■ What is needed ■
Within the entries below, find every line that has the string "light", then copy it.

■ Provided records ■
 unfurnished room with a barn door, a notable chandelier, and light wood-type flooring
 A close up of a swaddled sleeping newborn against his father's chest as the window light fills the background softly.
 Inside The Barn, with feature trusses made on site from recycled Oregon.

...

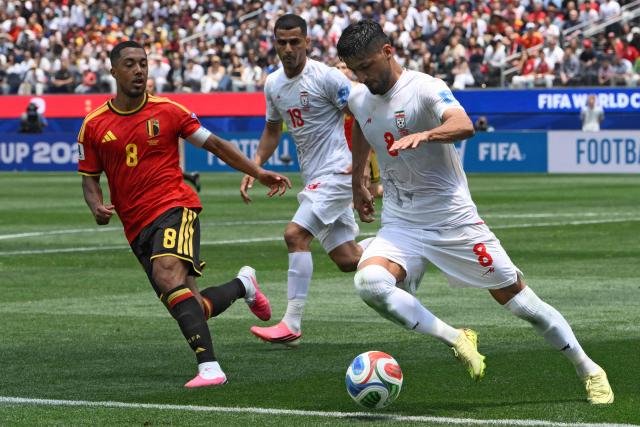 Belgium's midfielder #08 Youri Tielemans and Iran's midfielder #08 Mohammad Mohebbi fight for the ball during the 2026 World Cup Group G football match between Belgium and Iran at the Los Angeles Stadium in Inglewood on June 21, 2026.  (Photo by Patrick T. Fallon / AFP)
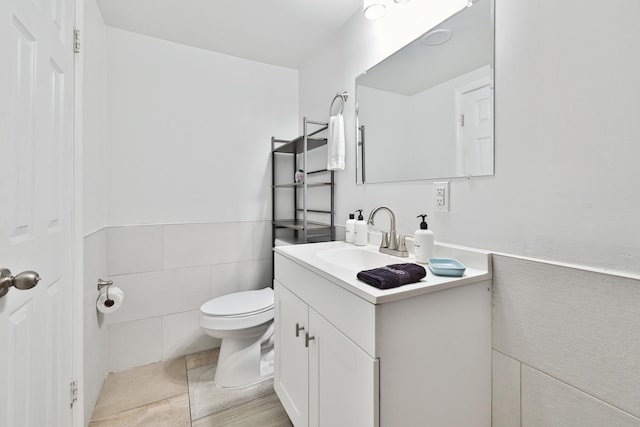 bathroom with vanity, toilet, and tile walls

■ Exercise solution ■
 unfurnished room with a barn door, a notable chandelier, and light wood-type flooring
 A close up of a swaddled sleeping newborn against his father's chest as the window light fills the background softly.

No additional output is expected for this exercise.